* What the exercise asks
All entries are to be printed again exactly, with their images omitted.

Data records
..............................
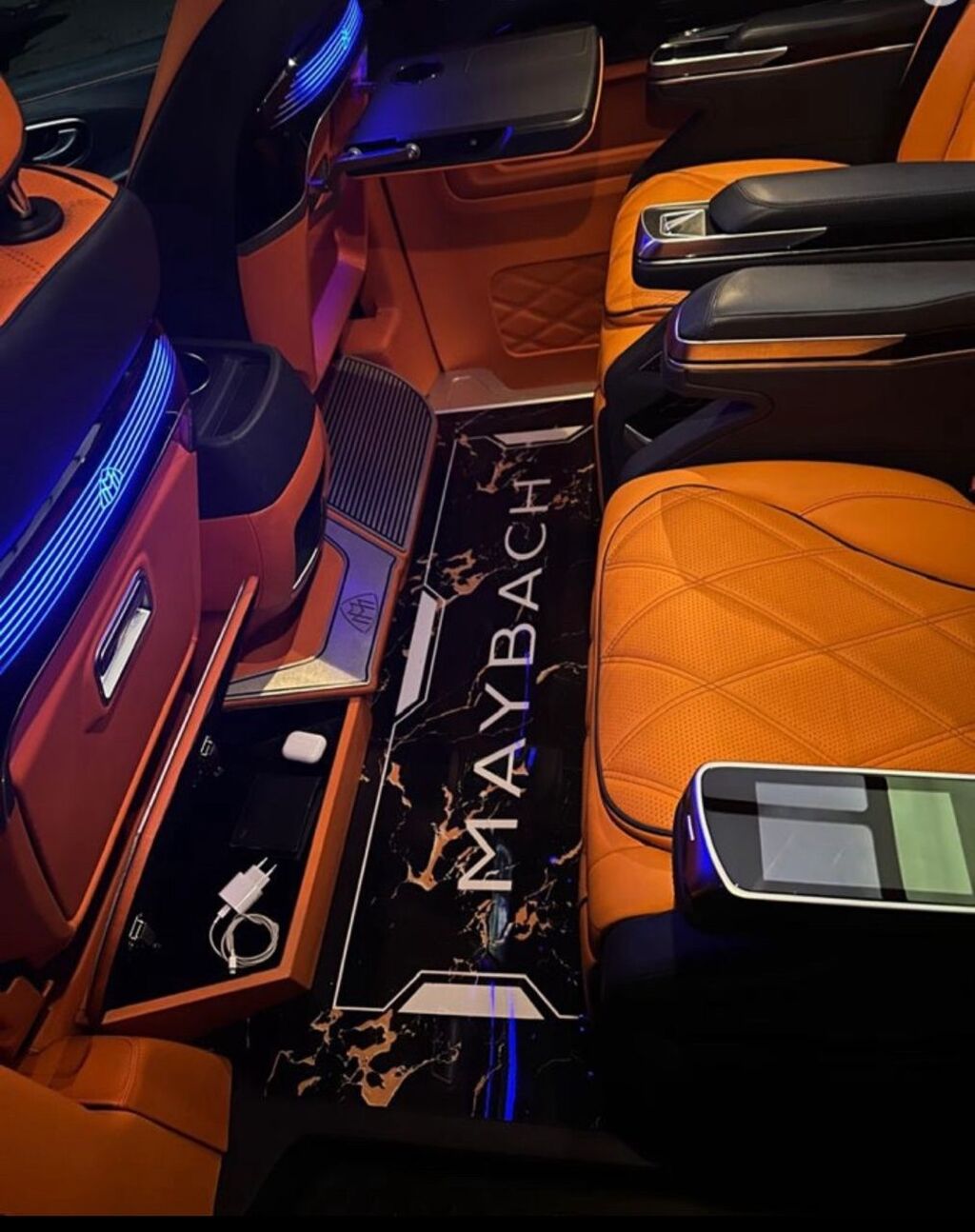 Продаю Mercedes-Benz Vito Maxi Long, салон переделан под Maybach
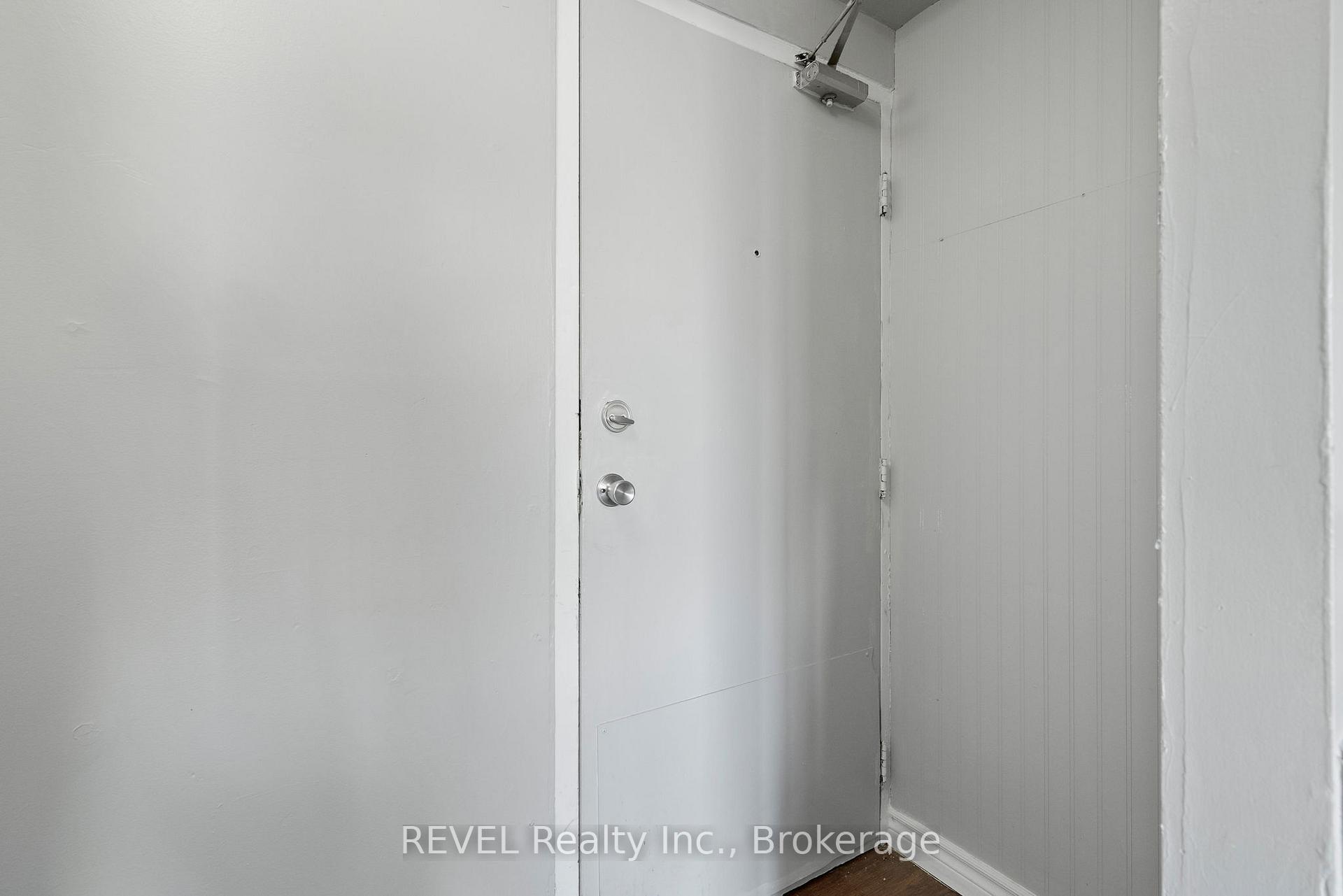 Photo 2 of Unit 102, 19 Manchester Avenue, St. Catharines, Haig — HOMEH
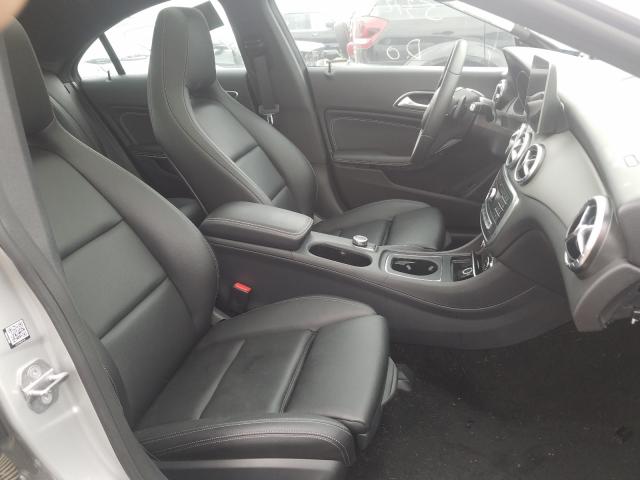 Photo 4 VIN: WDDSJ4GB0JN660859 - MERCEDES-BENZ CLA 250 4M 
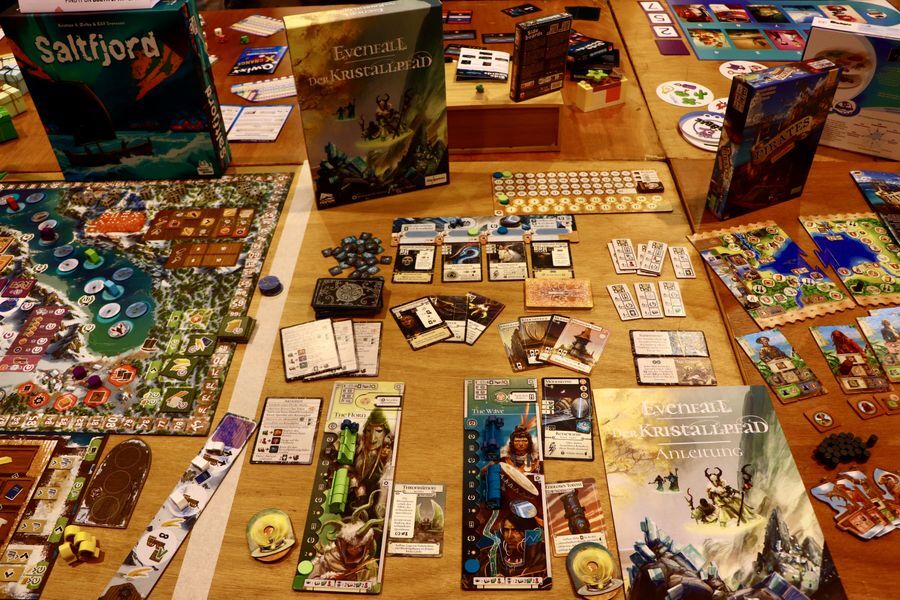 Evenfall: The Crystal Path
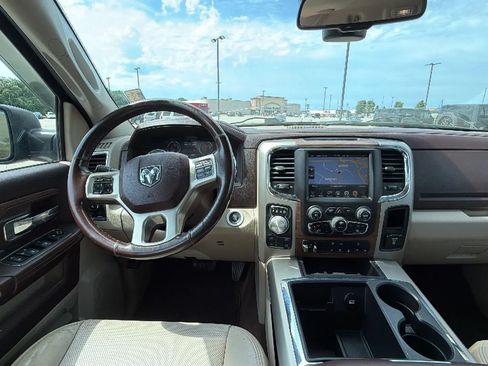 Used 2013 RAM 1500 Laramie w/ Convenience Group AWD/4WD image 57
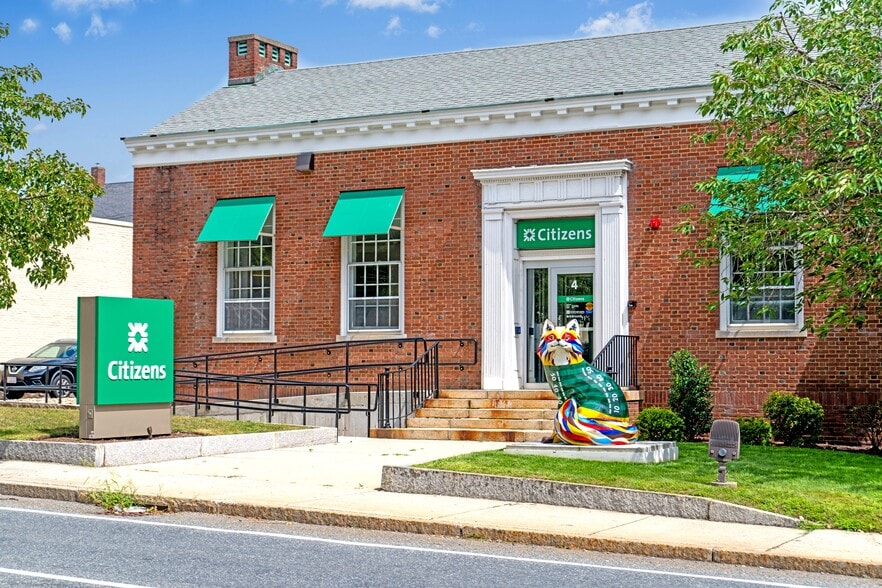 More Photos Of 4 Cocasset St, Foxborough Freestanding For Sale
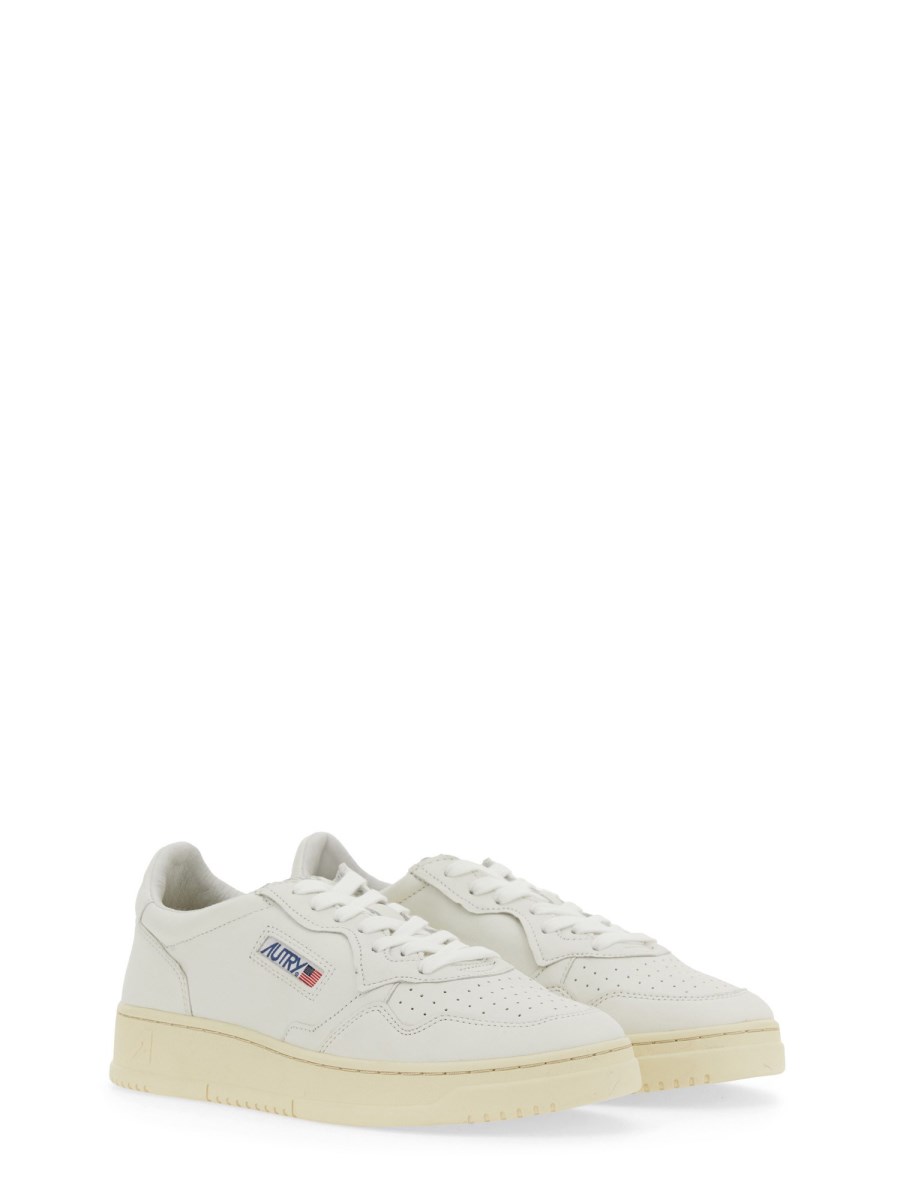 AUTRY SNEAKER MEDALIST LOW IN PELLE DI CAPRA
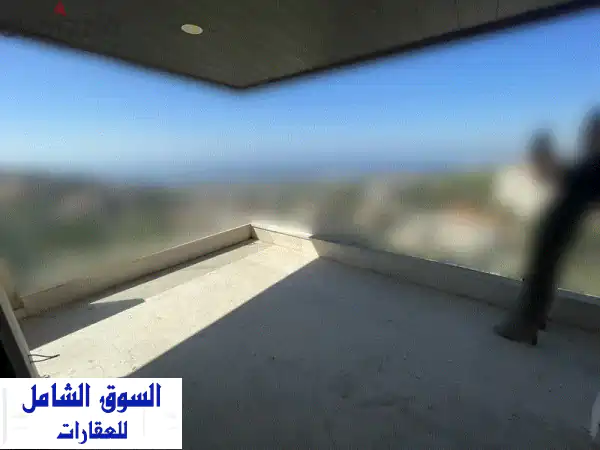 شقة فاخرة للبيع في عين عار - مسكن أحلامك ينتظرك!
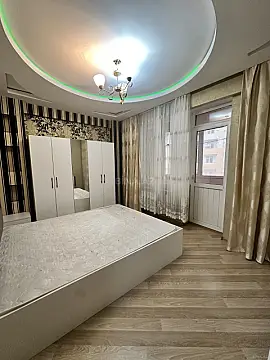 Satılır 2 otaqlı mənzil 82 m²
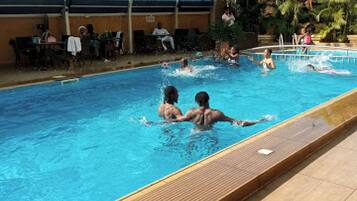 Chambre, 1 chambre, accessible aux personnes à mobilité réduite, fumeurs | Piscine | Piscine couverte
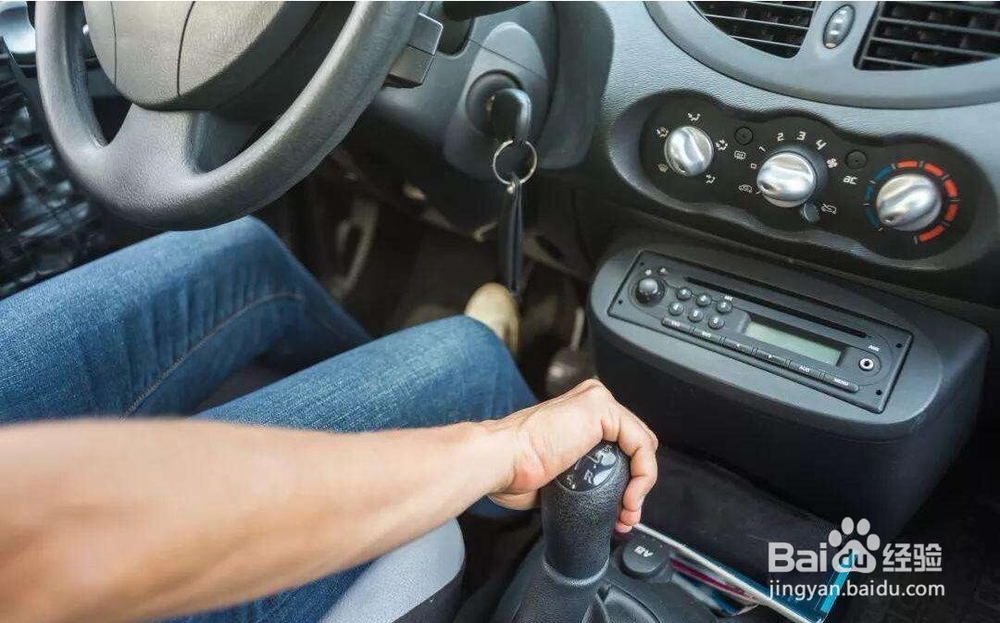 手动挡停车等红灯步骤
..............................
* Response area
 Продаю Mercedes-Benz Vito Maxi Long, салон переделан под Maybach
 Photo 2 of Unit 102, 19 Manchester Avenue, St. Catharines, Haig — HOMEH
 Photo 4 VIN: WDDSJ4GB0JN660859 - MERCEDES-BENZ CLA 250 4M 
 Evenfall: The Crystal Path
 Used 2013 RAM 1500 Laramie w/ Convenience Group AWD/4WD image 57
 More Photos Of 4 Cocasset St, Foxborough Freestanding For Sale
 AUTRY SNEAKER MEDALIST LOW IN PELLE DI CAPRA
 شقة فاخرة للبيع في عين عار - مسكن أحلامك ينتظرك!
 Satılır 2 otaqlı mənzil 82 m²
 Chambre, 1 chambre, accessible aux personnes à mobilité réduite, fumeurs | Piscine | Piscine couverte
 手动挡停车等红灯步骤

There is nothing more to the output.